Our preoperative concern was the possibility of calvaria fragility due to osteosclerosis with FMD. However, osteotomy was not different from usual, and postoperative bone healing was normal. The prominent supraorbital ridge was corrected appropriately in the surgery. Although the removed supraorbital ridge prominence has not re-protruded in a case report of adult FMD,[10] our case has been recurrent. One reason for this is probably that the surgery was performed at an age of vigorous osteogenesis.

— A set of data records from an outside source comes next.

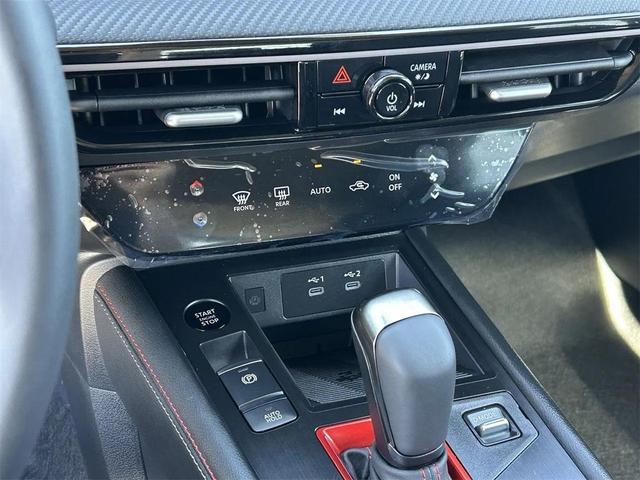 Photo of 2025 Super Black Nissan Kicks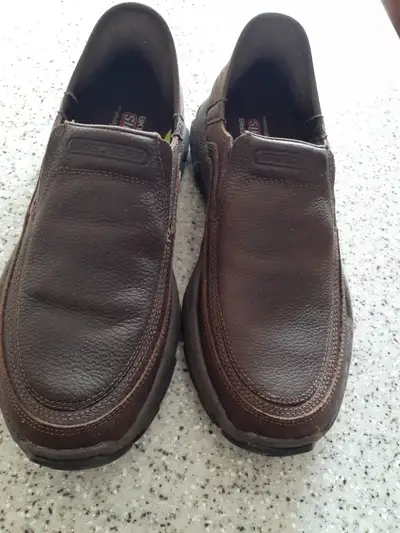 Men's shoes and slippers, View more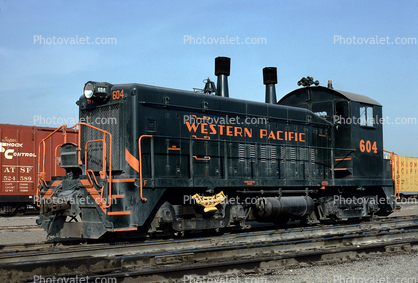 EMD SW9, Western Pacific Railroad Switcher WP 604, Stockton California, October 1977, 1970s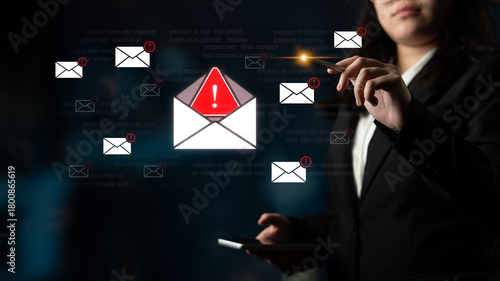 Cuadro en lienzo A cybersecurity alert indicating a phishing scam or malware threat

In addition, another reason could be that the amount of bone shaving was insufficient. In adult FMD case reports,[10] the bony cortex is noticeably thickened at the bony protrusion. Therefore, the fact that the protrusion was shaved but the bony cortex was left at least as much as normal may lead to its re-protrusion 6 months after surgery.

We perform the operation before the development of the cranial cancellous bone to minimize the bleeding, and do the same when the patient’s osteogenesis is in full swing because the MCDO technique is a type of distraction osteogenesis. For these reasons, we perform the MCDO between the age of 1 and 2 years, but if the patient is referred to our department after that age, or if symptoms of ICH occur later, we perform the surgery as early as possible.

Conclusions

We performed MCDO for treating SS accompanied with FMD and have a satisfactory result without substantial complications. We have learned from this case that MCDO is a suitable treatment for SS even with osteodysplasia such as FMD. We will continue to perform MCDO for such cases in the same manner, and will do additional osteotomy for the protruding bone with FMD when the patient becomes an adult.